Which means that the actual application run is embedded within the full information retrieved from a test.
However, note that, for example:
- We apply further extractions of data in attempt to reduce noise
- For example:
- From a trace file on an endpoint test you can easily search where the
viewmodule was invoked first. That is exactly where the application code was invoked. - Database queries should clearly reflect the point until when test data was set up. Right after the application took over.
- From a trace file on an endpoint test you can easily search where the
Which means that, even though some of the output collected here is not a silver apple on a tray, it's very easy to find relevant information within.
Future Improvements
Further to the functionality already available, there are loads of further opportunities that could be added to the tool.
Just to mention an nice idea, we could make measurements available so that assert
could be done on the analytical output. (Like len(analyse.database.queries) < 10)
Source
Codebase for a demo POC can be found in Ebury bitbucket ebury-pytest-analyse repository.
Alternatives
Clearly there are excellent alternatives on the market (Silk, PG Analysis, etc.). However they are significantly more elaborate and heavyweight, and require more effort to analyse the outcome.
Our attempt here was to provide a lightweight tool for quick analysis. By no means a replacement for significantly better established projects.
Caveats
The current code is there to demonstrate our possibilities and data we could generate.
There's a lot more to improve about it, together with hoping for a community effort adding more modules.
Operation
Some of the checks should be implemented as part of Jenkins pipelines, collecting measurements that can be compared against the same metrics taken on the application's production code.
In case any code modification seem to decrease performance, it should be automatically detected and raise an error.
Security Impact
Doesn't apply.
Performance Impact
Running extra data collection and checks clearly has an impact on the performance (speed) of test runs. Depending on the check this may be negligible or not.
This is also a reason why checks must be possible to disable, and fine-grain by configuration or command-line parameters. Thus:
- Jenkins pipelines would only apply lightweight yet essential data collection.
- Detailed analysis would be available for developers for further investigation at development time.
Developer Impact
This tool should be available to all Ebury Developers working on Python codebases.
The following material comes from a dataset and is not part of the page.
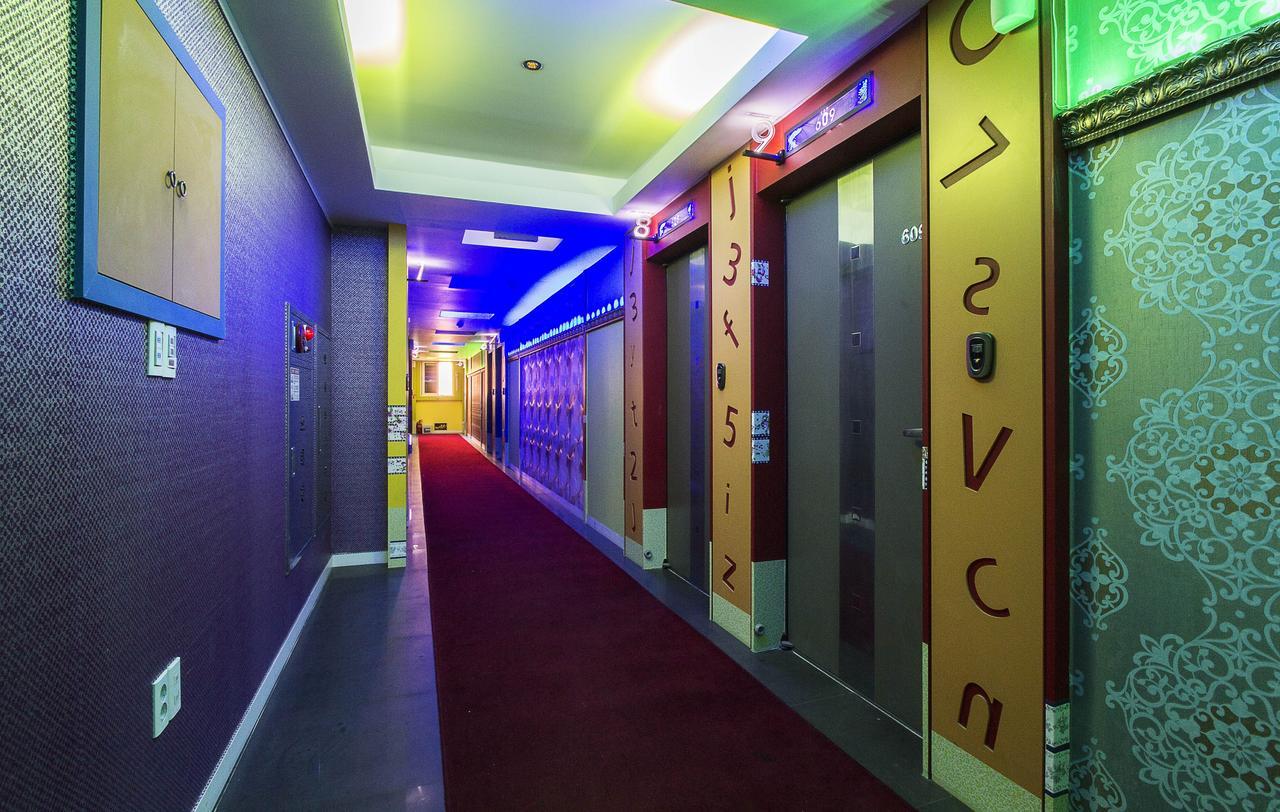 Color Motel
Different teams can implement different checks, or configure already existing ones to their needs.
The codebase should rely on community effort counting on contributions from all teams.
Data Consumer Impact
All analytic data goes to text files, databases are not impacted.
Deployment
As described above, we want to integrate some of the checks with Jenkins pipelines.
Dependencies
The tool is using Pytest, and (on demand) Django.
References
Codebase for a demo POC can be found in the Ebury bitbucket ebury-pytest-analyse repository.